Yang Liu
Assistant Professor, Computer Science and Engineering, University of California, Santa Cruz
Machine Learning (ML) is increasingly used in domains that have a profound effect on people's opportunities and well-being, including healthcare, law enforcement, and consumer finance. The effectiveness of ML depends on reliable datasets, training methods, and deployment, and additional challenges arise when each of the above components interacts with human agents. In this talk, I will detail some of my recent efforts on building a responsible and robust ML system with human in the loop.

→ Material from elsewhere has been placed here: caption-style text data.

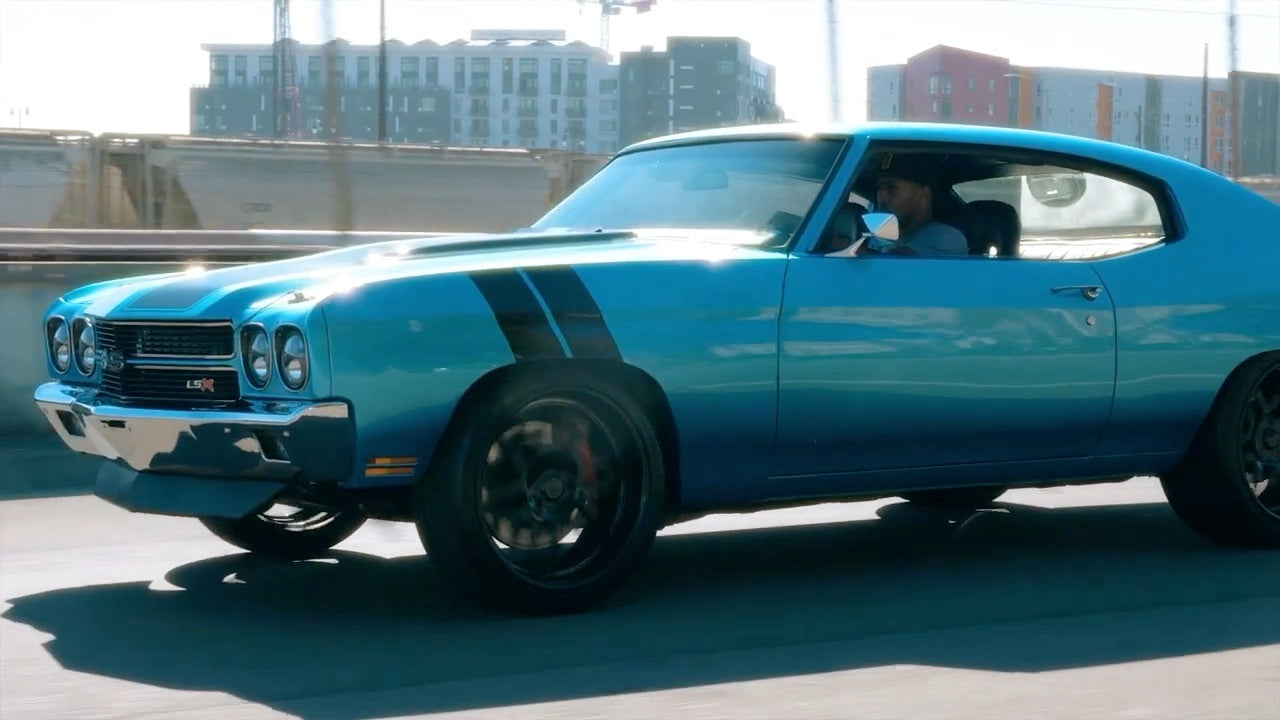 A really cool looking blue car on the road.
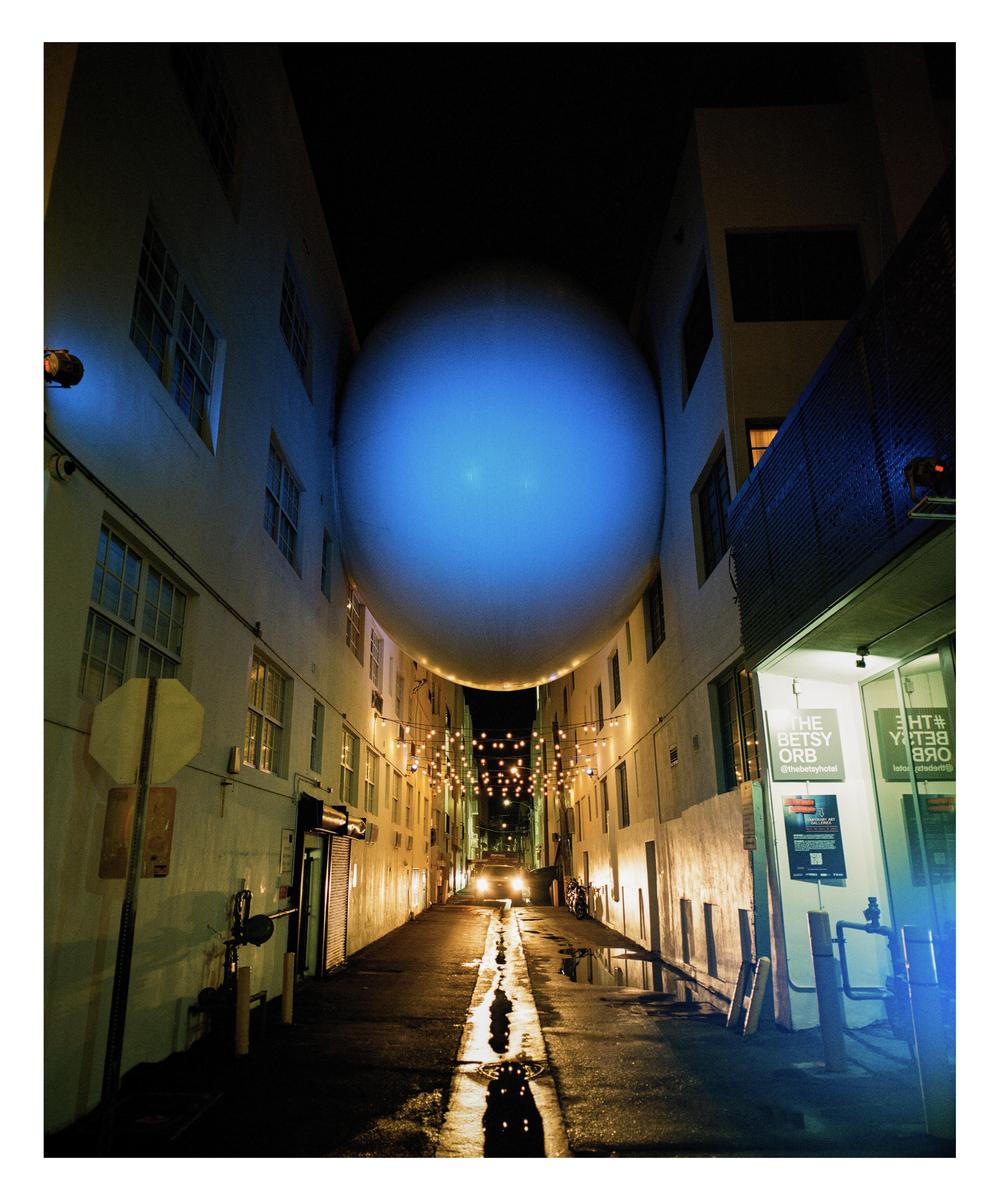 A large blue orb is suspended between two buildings above a wet street at night.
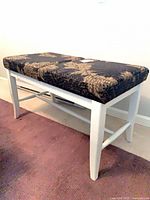 Full view of Canadel bench showing white frame and upholstered cushion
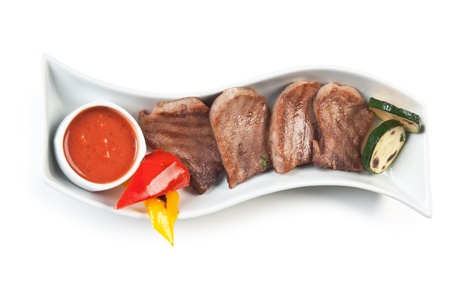 dishes of roast meat with vegetables and spices  isolated on white backgroundの写真素材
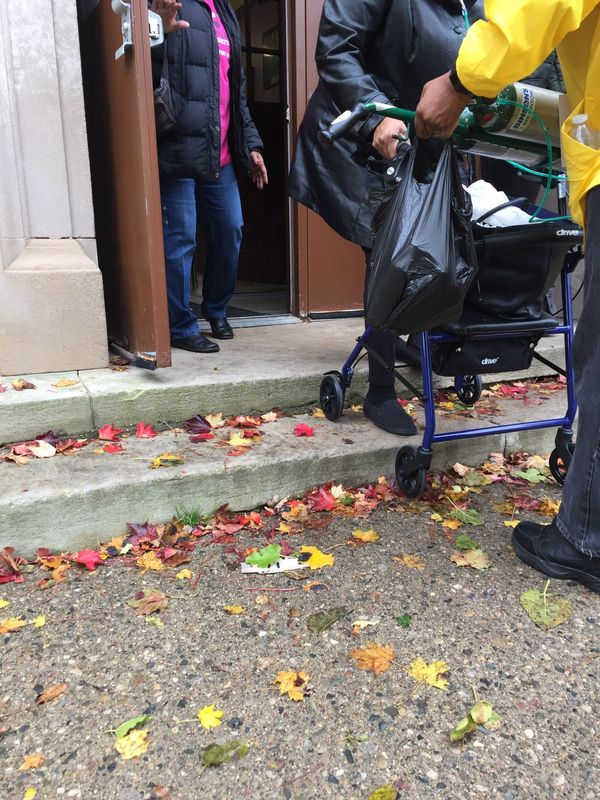 A person using a mobility device struggles to enter a polling location, captured by Detroit Disability Power in 2022.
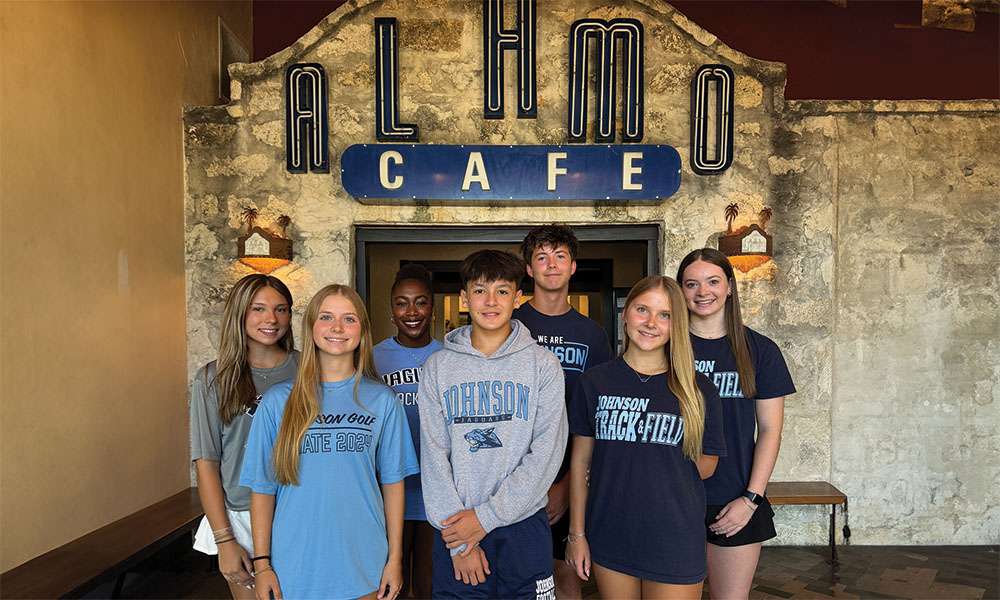 A team photo outside Alamo Cafe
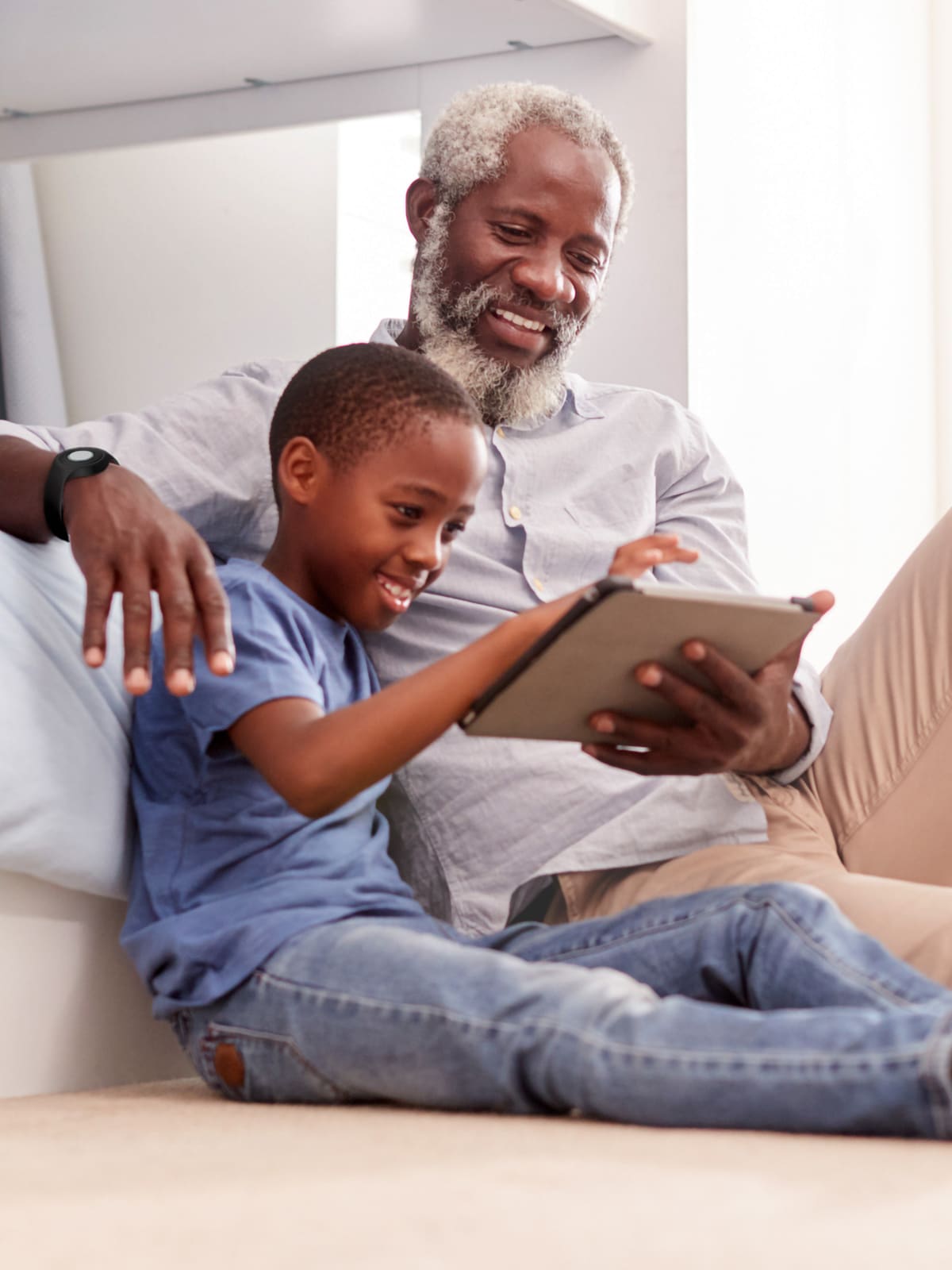 Grandfather wearing Medical Alert help button sits on floor with grandson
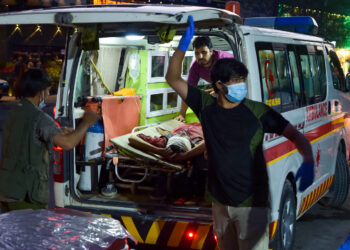 EDITORS NOTE: Graphic content / Medical staff bring an injured man to a hospital in an ambulance after two powerful explosions, which killed at least six people, outside the airport in Kabul on August 26, 2021. (Photo by Wakil KOHSAR / AFP)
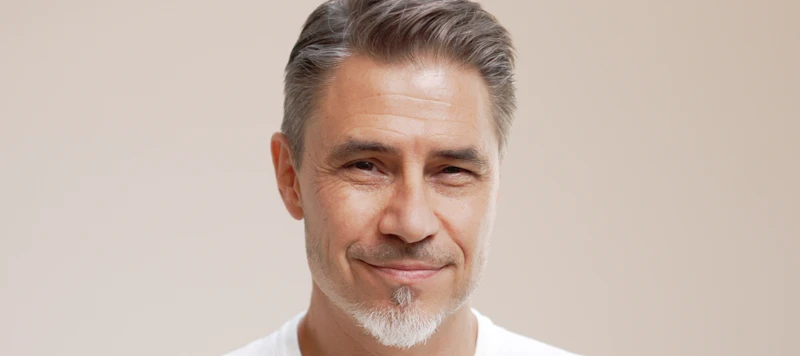 Senior man with fair skin and short gray hair smiles in front of a light brown background.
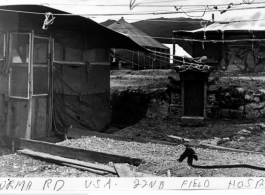 Wards and operating rooms of the 22nd Field Hospital's tent hospital at Kai Yuan. In the CBI during WWII. This hospital was apparently set up in some haste... notice the tombstone used to anchor the tent.  Photo from Wesley Furste.
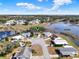 Overhead shot of a lakeside community featuring well-maintained homes under a vibrant sky and greenery at 5338 Tigers Tail, Leesburg, FL 34748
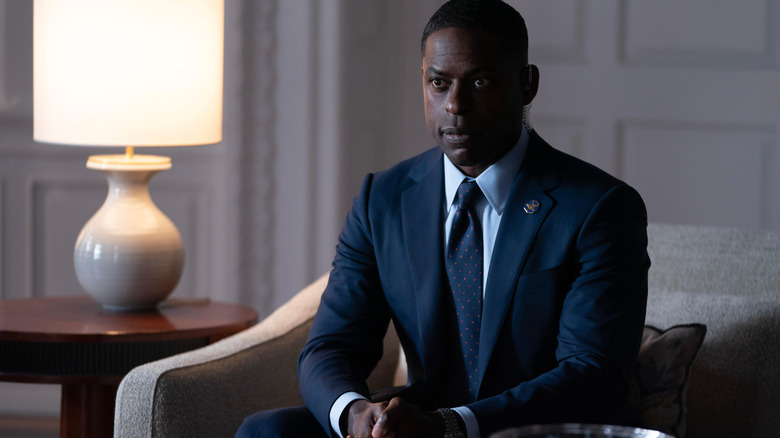 Sterling K. Brown as Agent Collins staring attentively while sitting down in Paradise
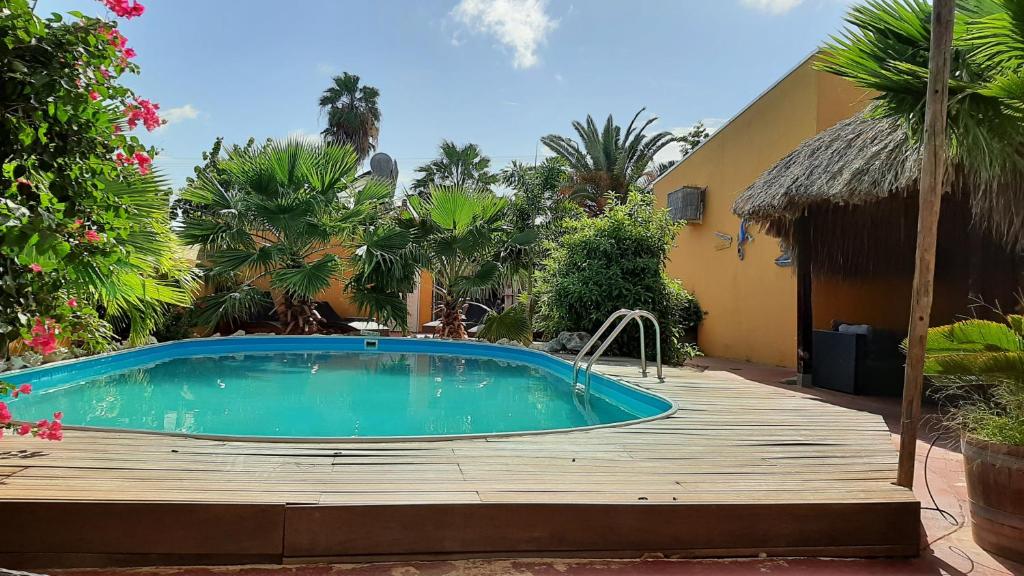 a swimming pool on a wooden deck next to a house at B&B Casa Trankilo in Kralendijk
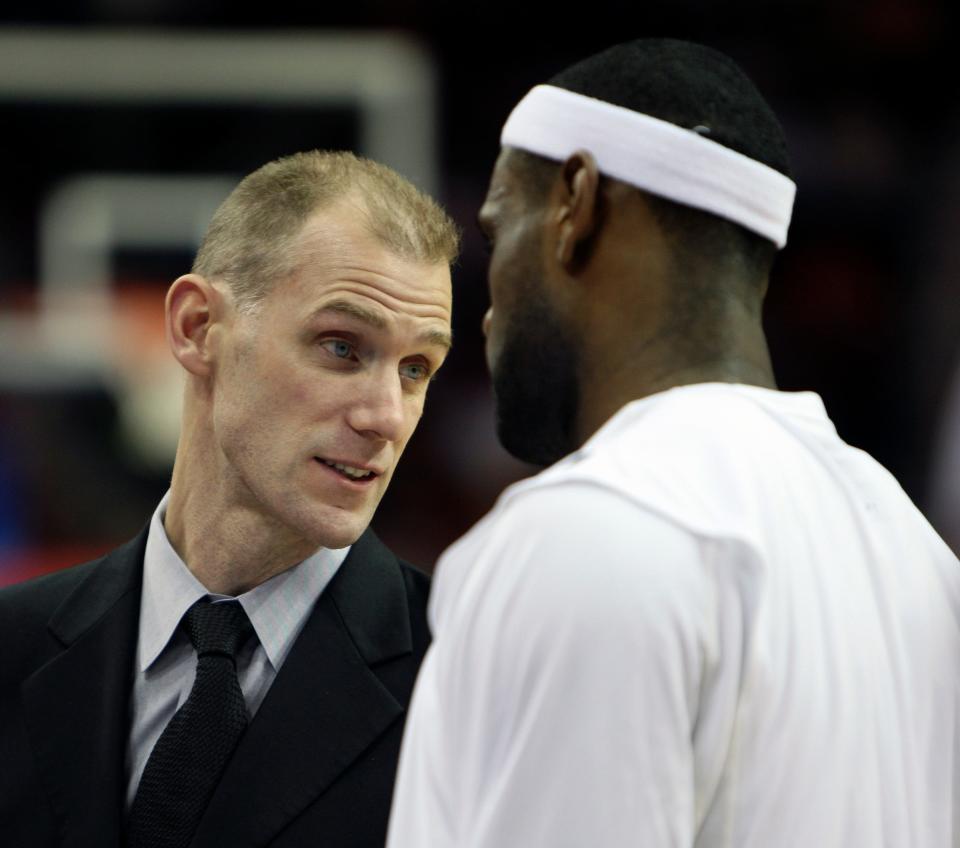 Cleveland Cavaliers assistant coach Chris Jent, left, talks to LeBron James, right, in a timeout during a NBA basketball game against the Memphis Grizzlies at Quicken Loans Arena in Cleveland, February 24, 2009.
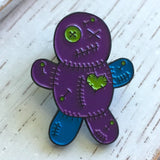-Voodoo Doll soft enamel pin with rubber pin bac. Teal and purple on black metal base. Measures approximately 1inch. Shipped from the USA. Cute funny goth gothic horror witchcraft halloween pinback badge bag backpack hat lapel accessory pin-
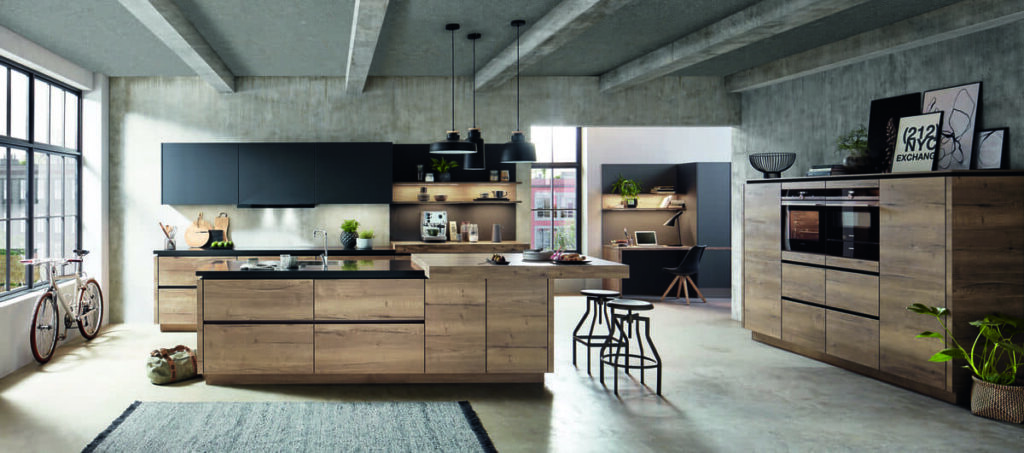 Modern industrial kitchen design in Bangkok with wooden cabinets, an island, and sleek decor.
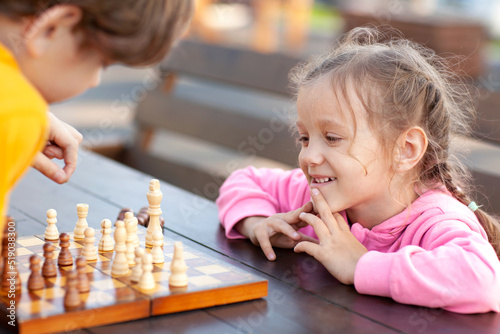 little sister smiling watching her brother make a move in chess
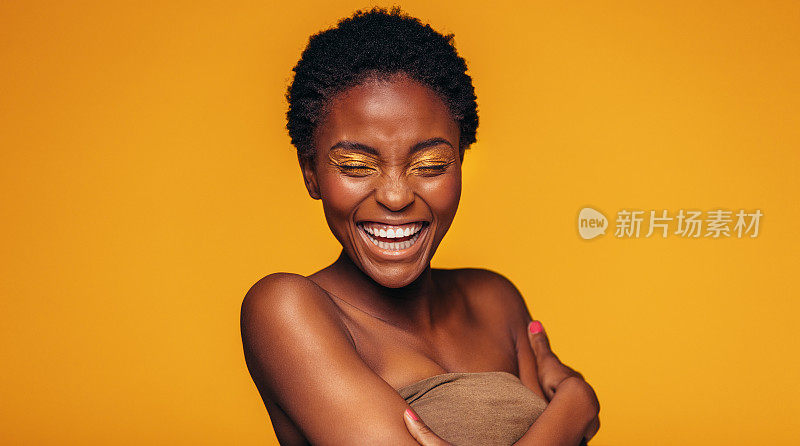 一个非洲女人在黄色的背景下笑
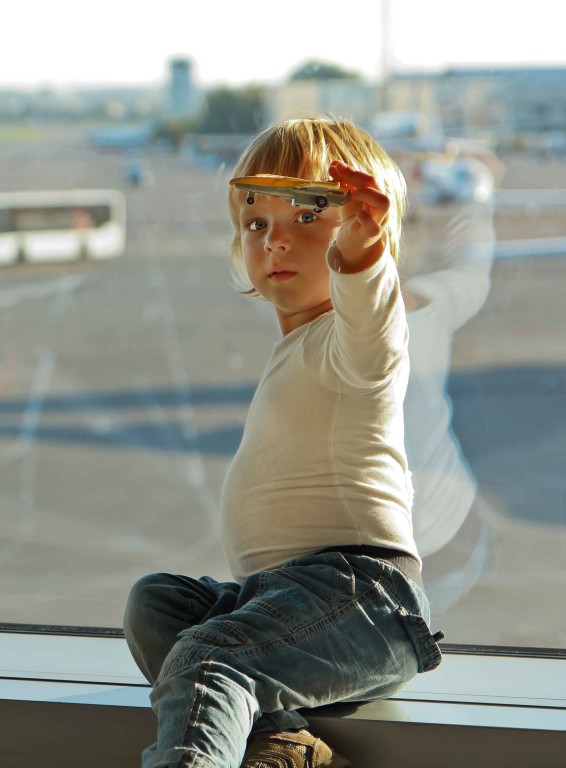 a child holding a small toy plane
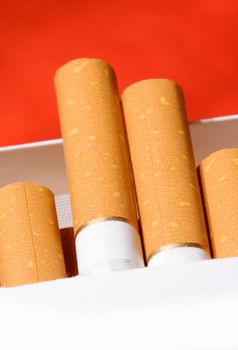 Pack of cigarettes on orange background. Shallow DOF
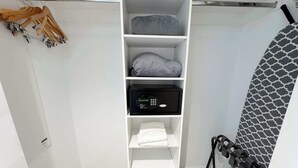 Ein weißer Stauraum mit Regalen, einem schwarzen Tresor und einer Wand mit Muster.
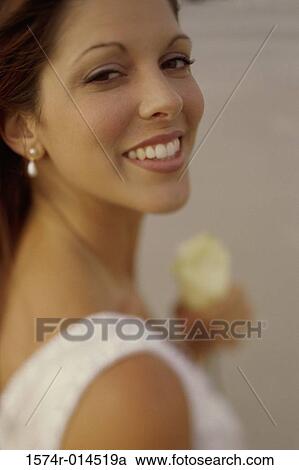 Portrait of a young woman smiling View Large Photo Image Stock Image - Portrait of a young woman smiling. Fotosearch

I will start with presenting a cohort of results on developing a new family of approaches to protect the training of ML models from potentially corrupted and biased training labels generated by human. Then I’d like to go beyond this static setting and discuss how to use the design and deployment of ML to offer human agents improvable actions to better develop their profiles and qualifications. My long-term goal is to build robust ML systems that promote healthy dynamics of the human-ML interaction.
Yang Liu is currently an Assistant Professor of Computer Science and Engineering at University of California, Santa Cruz. He was previously a postdoctoral fellow at Harvard University. He obtained his PhD degree from the Department of EECS, University of Michigan, Ann Arbor in 2015. His research aims to build responsible machine learning tools with humans in the loop, including developing robust training methods to deal with noisy human inputs, fair machine learning treatment to deploy to serve our society, and incentive-compatible data collection mechanisms. His works have seen applications in high-profile projects, such as the Hybrid Forecasting Competition organized by IARPA, and Systematizing Confidence in Open Research and Evidence (SCORE) organized by DARPA. His recourse classifier work is included in IBM AI Fairness 360 toolkit. His works have also been covered by WIRED and WSJ.